So I think it's about looking for those complementary uses and being innovative, but not how the
church can start having then those complementary programs added to its complexity.
But instead, and this is where I think the younger generation is going to be smarter about
doing this, they'll team up.
So a really cool guy who wants to run a great Christian school that has no idea how to make
it work, another young guy who says, I feel a real need to really lead a great church,
they team up together and they figure out how to make it work.
So I think it happens on the ground floor, and it's going to happen with experimental
kind of startup kind of attitudes of new young entrepreneur-minded pastors and leaders.
You just talked about utilization of space.
Is there a world in which collaboration could work so that not just schools, but churches
combine forces, if you will, to become one building, and there becomes a central meeting
spot essentially for churches.
Have you seen that?
Is that a workable thing?
What do you think of that?
You mean where multiple churches are using one facility?
Correct.
I think it'd be great.
I think that you're going to see that environments can literally be transformed.

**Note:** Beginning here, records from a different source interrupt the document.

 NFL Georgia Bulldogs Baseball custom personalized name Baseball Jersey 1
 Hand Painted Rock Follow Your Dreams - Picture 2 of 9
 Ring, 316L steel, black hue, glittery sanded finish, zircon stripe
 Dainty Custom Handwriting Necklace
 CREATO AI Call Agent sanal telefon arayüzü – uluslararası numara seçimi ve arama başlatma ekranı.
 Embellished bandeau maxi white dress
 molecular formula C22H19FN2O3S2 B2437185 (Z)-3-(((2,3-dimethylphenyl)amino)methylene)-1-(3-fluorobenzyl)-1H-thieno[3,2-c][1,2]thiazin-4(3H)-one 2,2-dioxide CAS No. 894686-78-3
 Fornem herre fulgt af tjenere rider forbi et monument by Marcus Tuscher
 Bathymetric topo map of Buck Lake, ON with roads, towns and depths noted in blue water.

So I've got to tell you, this is really interesting.
The church in San Francisco we're helping that's in the parking garage, it's actually
two churches.
It's exactly what it is.
It's an African-American church that meets there, and literally over a 45-minute, I think,
to 60-minute transition, then redemption San Francisco will slide in and use the same
exact facility.
And you've got two pastors, like-minded philosophically, very different in their teaching style.

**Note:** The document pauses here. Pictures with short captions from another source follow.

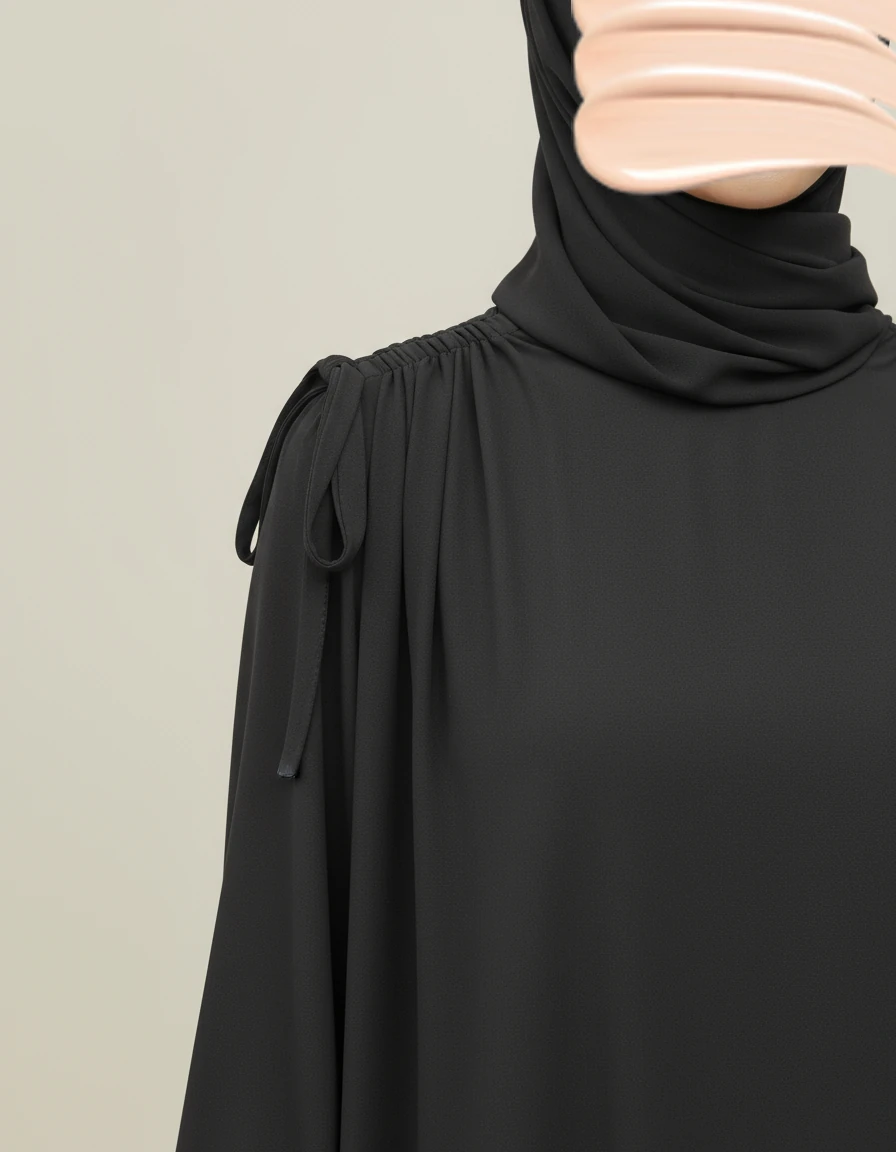 Antrasit Omuz İp Büzgülü Ferace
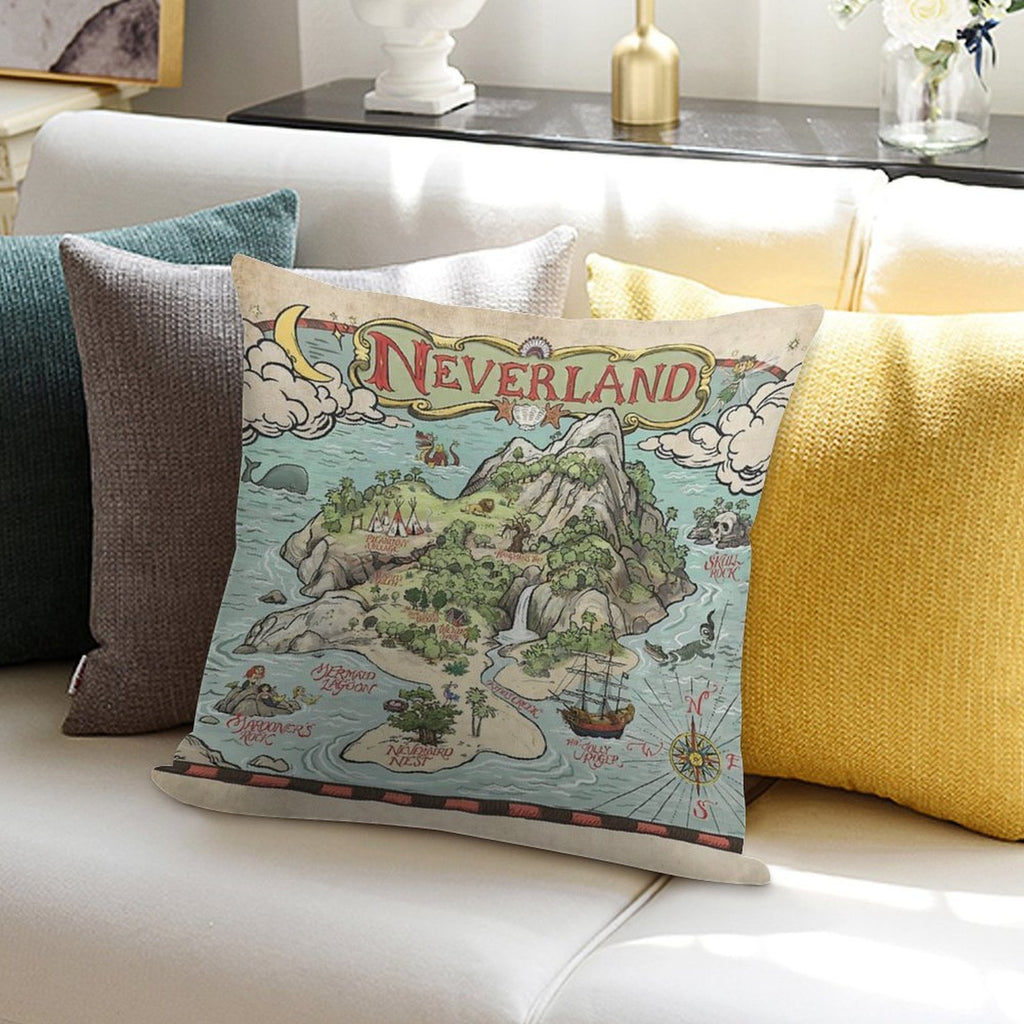 Neverland Map Soft Home Decor Throw Pillow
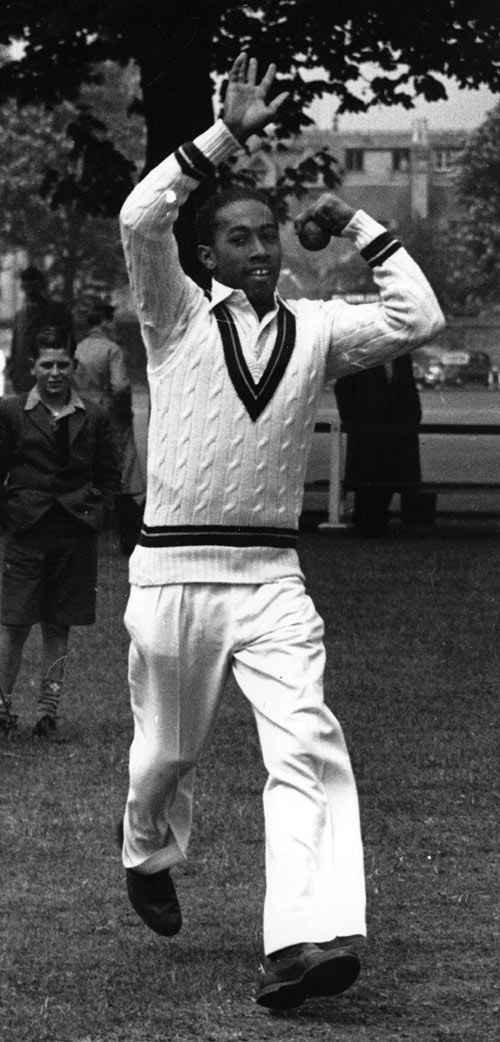 Alf Valentine bowling in the nets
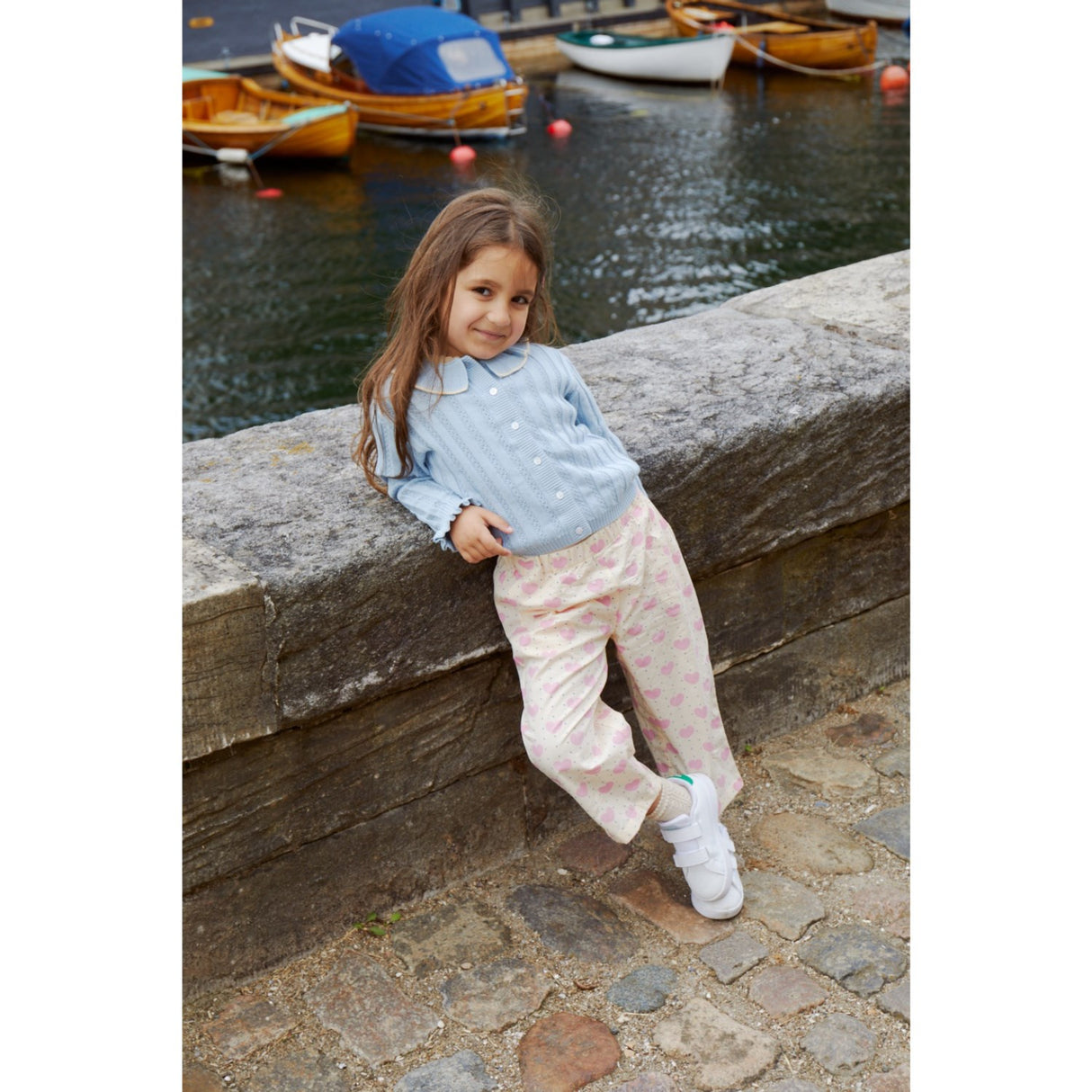 COPENHAGEN COLORS Heart Aop Heart & Dots Pants Loose Fit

They share core beliefs, but they really share it very differently.
They hit totally different communities, obviously, different demographic.
They're right in the heart of San Francisco, and they're going to actually have two separate
congregations, and they're going to use the same room.
So absolutely, multiple churches that I know of typically have a minor church and a major
church, but they're typically often using one old building.
I would love to see that even happen on all new levels.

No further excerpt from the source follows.